# $$ NOS Chrome, Gold 14x7 Daytons, Chrome 15x8 Cragar 30 Spokes, Chrome Dayton K/O's $



## 83Cizzoupe (Jan 24, 2003)

I’m positive that this will be a complete waste of time, but offering these up on here before they go to eBay in a week or two for more money. Please don’t message me with any trades or bs offers. My prices on here do include free shipping TO THE LOWER 48 STATES with insurance and tracking so take that into consideration…. Also they are available to local buyers. Everyting is located in Cleveland, OHIO. PLEASE MOST IMPORTANTLY. READ READ READ. I think I have explained everything in detail. Any PM’s asking questions like PRICE, LOCATION, TRADE or any other dumb shit will be deleted without response. OK without further ado… Here iz info and piks of da itemz 4 sellll:

---------------------------------------------------------------------------------------------------------------------------------------------------------------------------------------------------------------------------------------

*UPDATE 1/14/14 STILL FOR SALE ------- $3,700 Shipped to the Lower 48!!! Hawaii or Alaska More!!! AT THIS POINT I AM NOW LOSING MONEY ON THESE!!!!!*

Set of FIVE (5) Triple Gold/ All Gold Center, 14x7 Reverse Stamped Hub Daytons in NOS unused immaculate condition. These rims are fun just to look at, they are simply beautiful. As any of you who would be seriously interested in these know they are NO LONGER MADE since Dayton quit doing anything Gold.
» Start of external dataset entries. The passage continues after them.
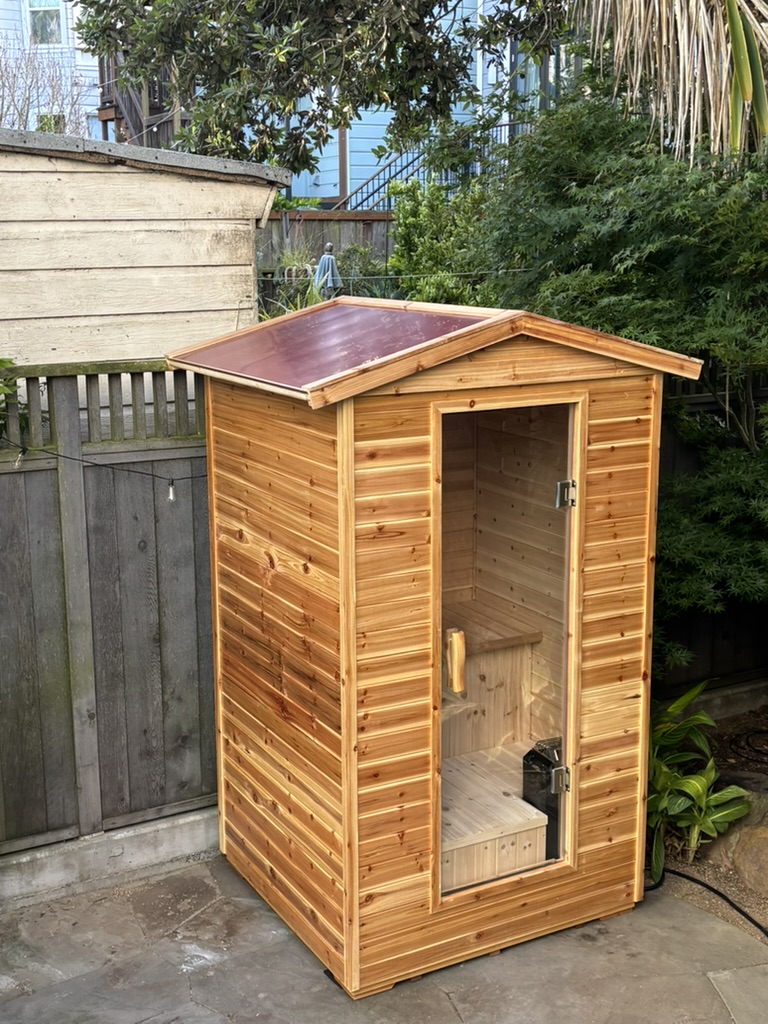 Outdoor steam sauna with copper roof in SF backyard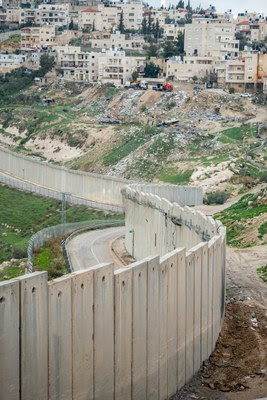 'Separation Wall' which has already taken large chunks of  West Bank land and property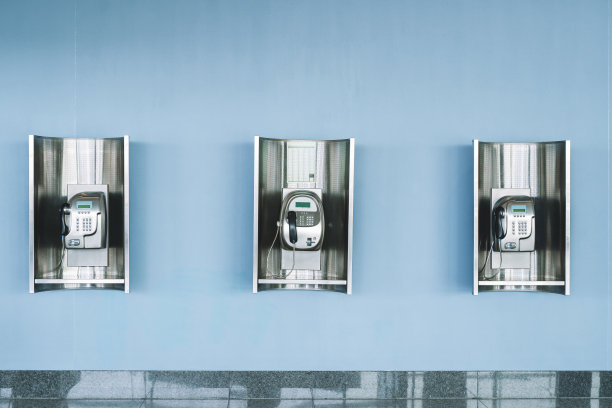墙上有公用电话。公共场所用于付费通话的现代付费电话。图片下载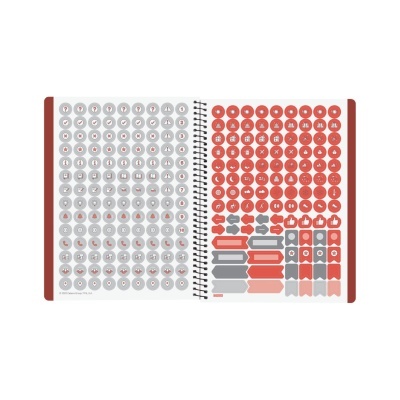 Livro aberto com autocolantes circulares e variados em cinza e vermelho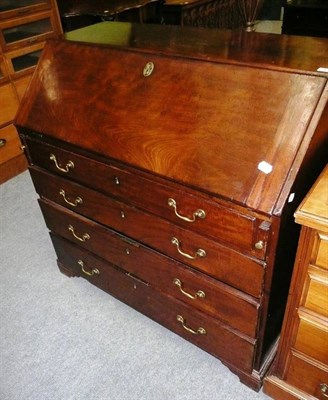 Lot 487 - A Georgian mahogany bureau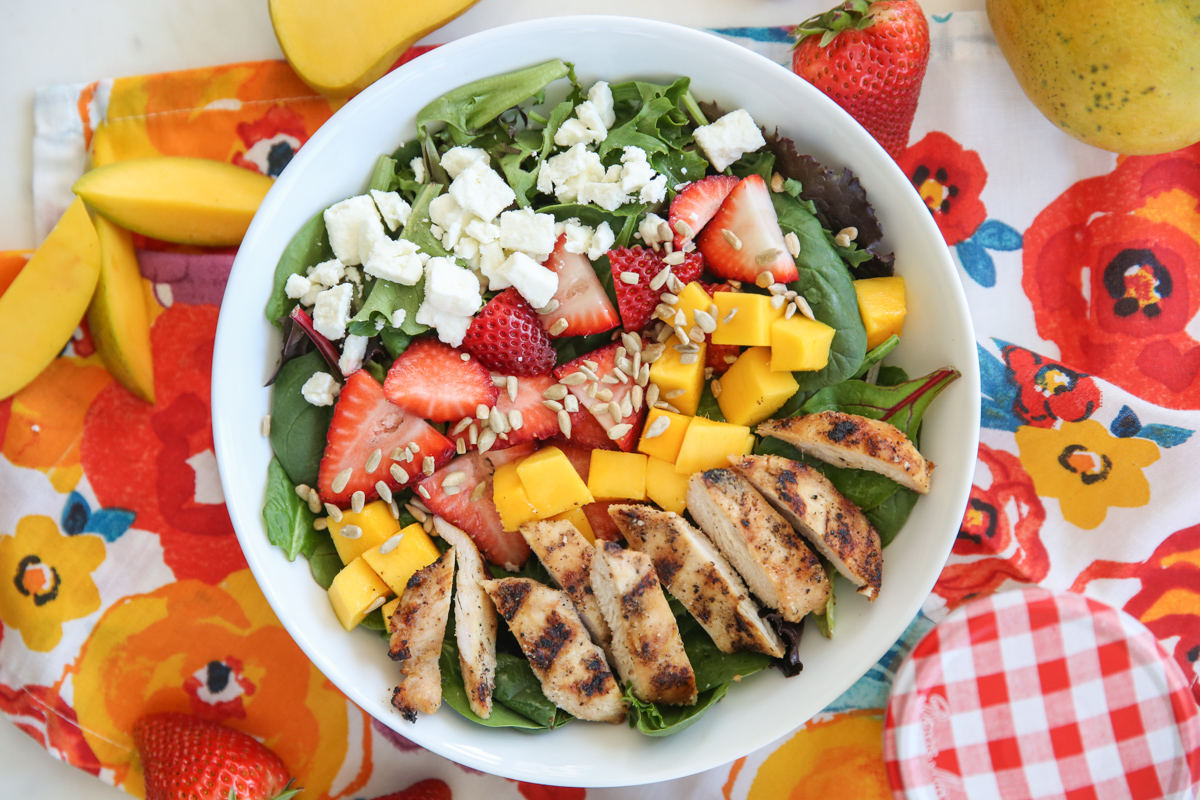 bowl of mango berry salad on a colorful napkin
Each rim is of course individually serialized. 4 Rims start with 97 and one 96. So these are coming up on close to 20 years old. A collector’s item at this point, but would really set that show car off if ya know what I mean! 

Come with 5 NOS Chrome Adapters (3 Left, 2 Right) with the GM 5x4.75” and 5x5” Lug Patterns, and 5 NOS GOLD Embedded Logo 3 Ear Knockoffs.


These have been kept in climate controlled storage (aka the spare bedroom) since I’ve owned them. When I received them I inspected them, soaked them down in WD40 (They had the original oil all over them) And put them away. I spent I don’t know how many hours this past week preparing them for these pictures. I started by rinsing each rim with hot water, then switching to warm, then cool, then cold water. Then spraying generously with DAYTON WIRE WHEEL CLEANER, and rinsing them again with lots of cool water, before blow drying them with compressed air, NEVER RUBBING OR TOWELING THE GOLD AT ALL. Finished by polishing the barrels with a chrome polish and here you have 5 sick looking mirror reflection gold and chrome D’s. On the knockoffs I used the same procedure, never polishing or wiping the gold. 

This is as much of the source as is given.